▽

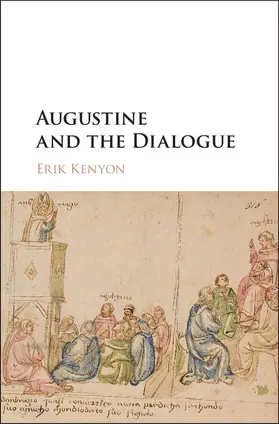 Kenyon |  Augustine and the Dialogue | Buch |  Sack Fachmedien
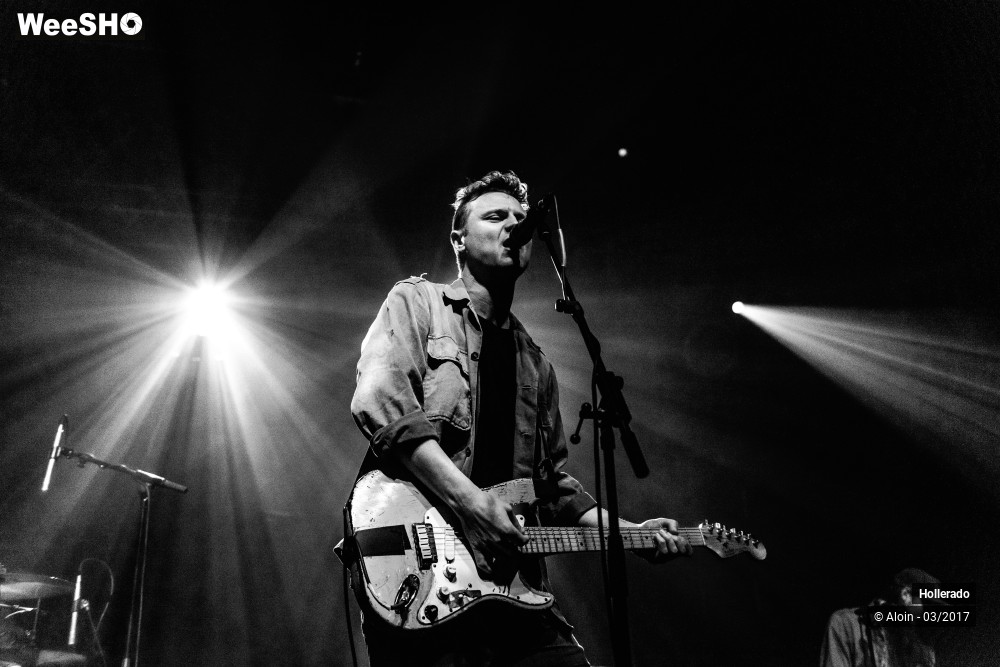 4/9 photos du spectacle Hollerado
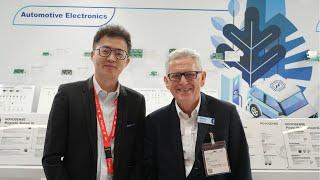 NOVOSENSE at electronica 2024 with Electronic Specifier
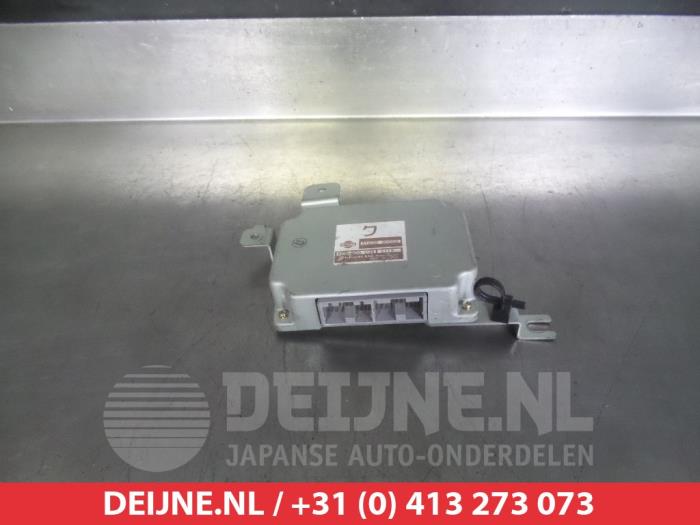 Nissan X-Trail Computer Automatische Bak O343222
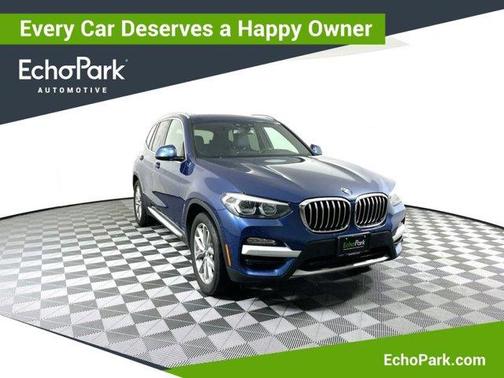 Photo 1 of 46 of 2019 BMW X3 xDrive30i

△

Keep every word of the lines above unchanged in the copy, and omit the pictures.

 Kenyon |  Augustine and the Dialogue | Buch |  Sack Fachmedien
 4/9 photos du spectacle Hollerado
 NOVOSENSE at electronica 2024 with Electronic Specifier
 Nissan X-Trail Computer Automatische Bak O343222
 Photo 1 of 46 of 2019 BMW X3 xDrive30i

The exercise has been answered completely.